54.º Em virtude de tal medida coactiva se manter para além do prazo fixado por Lei!
55.º E, mais precisamente, em virtude de tal medida coactiva se manter para além do prazo de 6 (seis) meses fixado no n.º 2, do art.º 215.º, do C.P.P.!
56.º Tudo na senda, quer do mui douto Ac. do S.T.J., de 12/11/2009, Proc.º n.º 45/08.2JELSB-H.S1, disponível in www.dgsi.pt, onde, de resto, resulta sumariado o seguinte:
• “I - A providência de habeas corpus constitui um incidente que se destina a assegurar o direito à liberdade constitucionalmente garantido – arts. 27.º, n.º 1, e 31.º, n.º 1, da CRP –, sendo que visa pôr termo de modo imediato e urgente – incompatível com a prévia exaustação dos recursos ordinários e de outras formas comuns de impugnação – à privação arbitrária da liberdade ou à manutenção de uma prisão manifestamente ilegal, ilegalidade que deve configurar-se como violação directa, imediata, patente e grosseira, integrante de um dos pressupostos constantes do art. 222.º, n.º 2, do CPP.
II - A lei adjectiva penal estabelece no n.º 4 do art. 215.º do CPP que a excepcional complexidade do processo seja declarada, apenas, após a audição do arguido e do assistente.
III - Trata-se de dispositivo consagrador de direito integrante das garantias de defesa asseguradas ao arguido pela CRP, no n.º 1 do art. 32.º, traduzido na observância do princípio da audiência, que implica que a declaração do direito do caso penal concreto não seja apenas tarefa do tribunal (concepção “carismática” do processo), mas tenha de ser tarefa de todos, de acordo com a posição e funções processuais que cada um assume.
IV - No caso vertente, conquanto se tenha ordenado a notificação dos peticionantes para se pronunciarem sobre a eventual declaração de especial complexidade do processo, a verdade é que não se permitiu aos peticionantes o exercício do seu direito de audição.

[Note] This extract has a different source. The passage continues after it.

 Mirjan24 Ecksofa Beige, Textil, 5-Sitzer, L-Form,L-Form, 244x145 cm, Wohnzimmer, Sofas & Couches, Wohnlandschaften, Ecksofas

V - No dia em que a lei presume aqueles foram notificados para exercer aquele seu direito, o tribunal entendeu proferir decisão a declarar a especial complexidade do processo, precludindo, assim, a possibilidade de os peticionantes se poderem pronunciar, o que equivale por dizer ter sido violado o seu direito de audição, a significar que relativamente aos peticionantes se haverá de considerar irrelevante aquela declaração de especial complexidade.
VI - Sendo certo que o prazo da medida de coacção de prisão preventiva a que os peticionantes se encontram submetidos é de 10 meses, há que concluir que os mesmos se mostram ilegalmente presos, razão pela qual deverão ser restituídos à liberdade, sem embargo de o tribunal poder vir a declarar, de forma legal, a excepcional complexidade do processo e a reavaliar a medida de coacção aplicada, o que pressupõe a audição prévia dos peticionantes, de modo a que os mesmos se possam validamente pronunciar sobre aquela declaração.”;
56.º Quer, também, do mui sábio Ac. do S.T.J., de 09/09/2015, Proc.º n.º 98/11.6GACDV-B.S1, disponível in www.dgsi.pt, onde, de resto, constam as seguintes passagens:
• “(…)
Perante isto há que afirmar:
- não havendo expressamente a indicação de qualquer prazo no art. 215.º, n.º 4, do CPP, e nada estando referido no despacho que promove a declaração de especial complexidade do processo, vigora o prazo supletivo — de 10 (dez) dias — estabelecido no art. 105.º, n.º 1, do CPP;
- porém, aquando da prolação do despacho, pode ser estabelecido prazo diferente, dada a eventual urgência;
- em qualquer dos casos, a declaração de especial complexidade do processo não pode ser prolatada antes de expirado aquele prazo, sob pena de ser irregular, por ter violado o direito de audição do arguido, assim se violando a garantia de defesa constitucionalmente protegida pelo art. 32.º, n.º 1, da CRP.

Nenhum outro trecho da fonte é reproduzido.